Sunday, March 30, 2008

Obama is the realization of King's dream

I wasn't born when Martin Luther King Jr. delivered his "I Have A Dream" speech, but I have seen and heard it many times. It is more powerful to watch it, each time it brings me to tears because of King's oratory ability, the conditions of the time and his vision for a better tomorrow.

King would be struck down by an assassin's bullet before his dream was realized. Much has been written about how far we have come since that fatal day in Memphis 40 years ago. What would King say about where we are? If he were here today, I think he might say there has been progress, but there is a long way to go. Racial prejudice still exists and will likely never go away. Black people still lag behind whites economically. Misunderstanding and mistrust still exist based on racial and ethnic backgrounds.

If King were here today, he'd be 79 years old and likely tired and weary from the struggle. Undoubtedly, he would be looking to others to carry the baton for advancement and improved race relations. He would be looking for someone else to be the torch bearer, the bright light, the beacon of hope.

I think he would look at Barack Obama and say: "You are the embodiment of what I spoke of that hot summer day back in August of 1963. You, Barack, are what I dreamed of."

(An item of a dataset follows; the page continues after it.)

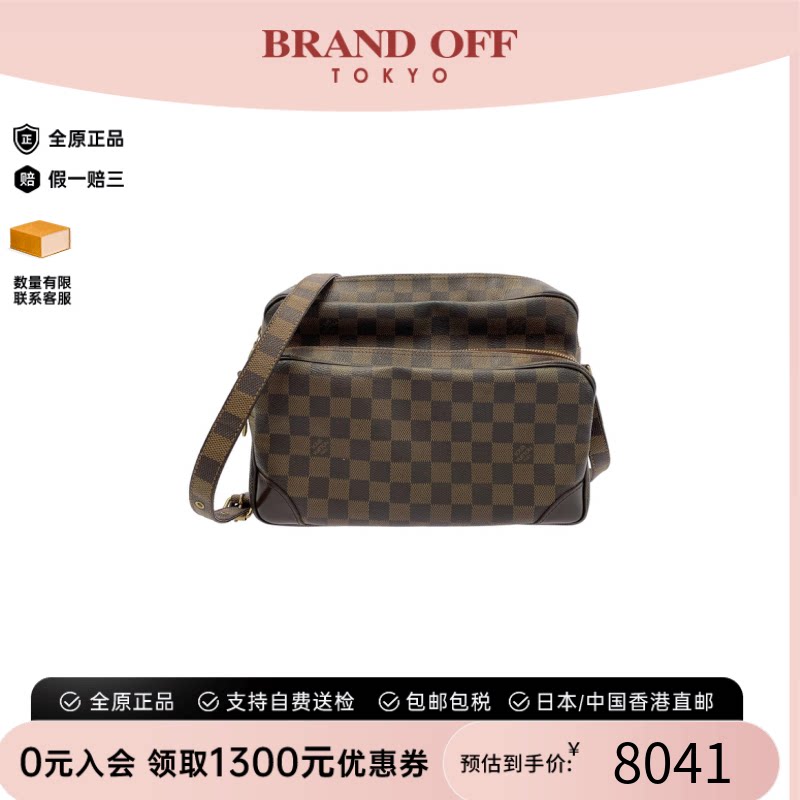 中古LV路易威登男包A级95新Nile记者包棋盘格斜挎包正品BRANDOFF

That Obama, a man borne of a white mother and Kenyan father, would be running for President of the United States and show an ability to unite people across racial lines would undoubtedly make King proud. He might equally sing the praises of Tiger Woods, a multi-ethnic athlete universally embraced across racial lines and married to a white woman.

But it isn't these men themselves that King would be proud of, but the conditions and progress that make their success possible. King dreamed of an America where a man would be seen not for the color of his skin, but the content of his character.

Yes, Dr. King, we still have a way to go, but we have come a long way toward that dream of yours.

Is Barack Obama the realization of Martin Luther King's dream?